ASSIGNMENT → Copying rule for the data below: pictures stay out, and only the lines from the one with "Thymidylate Synthase Recombinant" down to the one with "West Nile Virus", inclusive, are repeated exactly.

LISTED ENTRIES →
================================

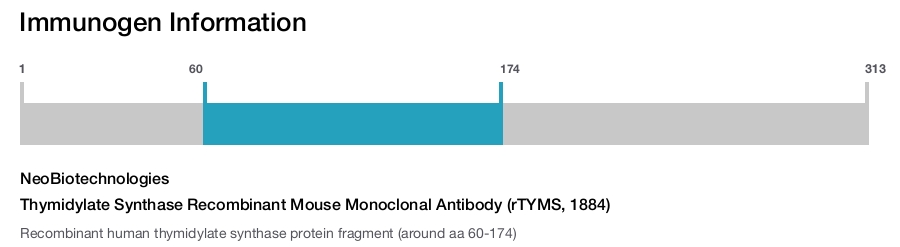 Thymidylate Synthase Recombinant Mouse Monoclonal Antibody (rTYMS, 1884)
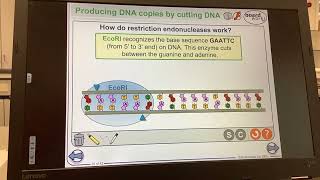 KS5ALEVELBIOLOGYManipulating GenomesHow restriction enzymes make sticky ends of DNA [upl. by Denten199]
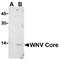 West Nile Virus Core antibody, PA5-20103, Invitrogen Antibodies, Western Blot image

================================

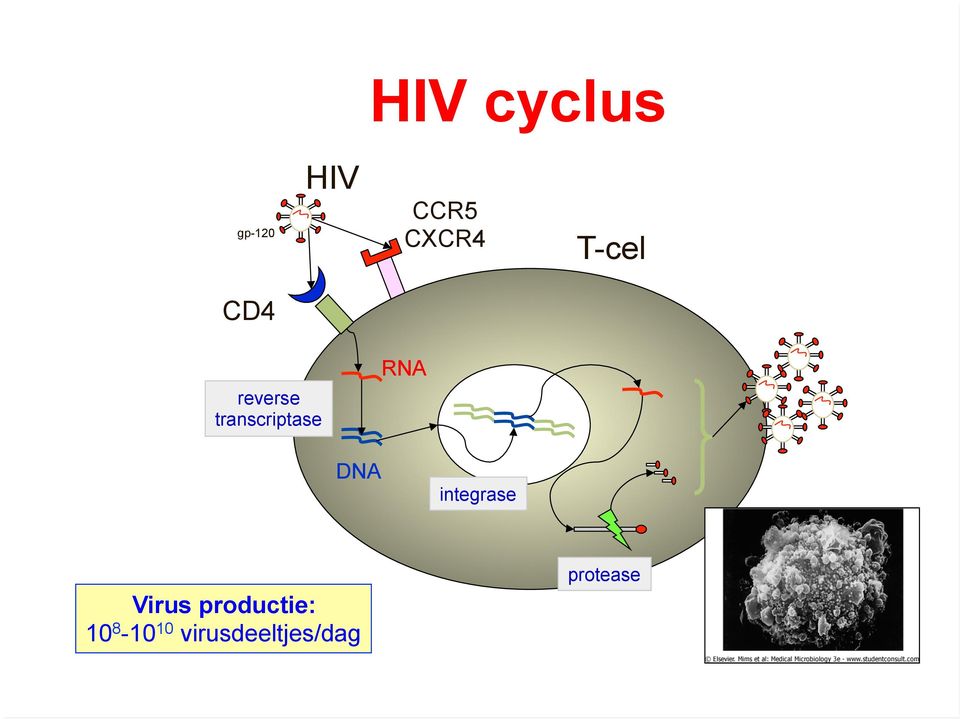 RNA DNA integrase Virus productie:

================================

WRITTEN REPLY →
 Thymidylate Synthase Recombinant Mouse Monoclonal Antibody (rTYMS, 1884)
 KS5ALEVELBIOLOGYManipulating GenomesHow restriction enzymes make sticky ends of DNA [upl. by Denten199]
 West Nile Virus Core antibody, PA5-20103, Invitrogen Antibodies, Western Blot image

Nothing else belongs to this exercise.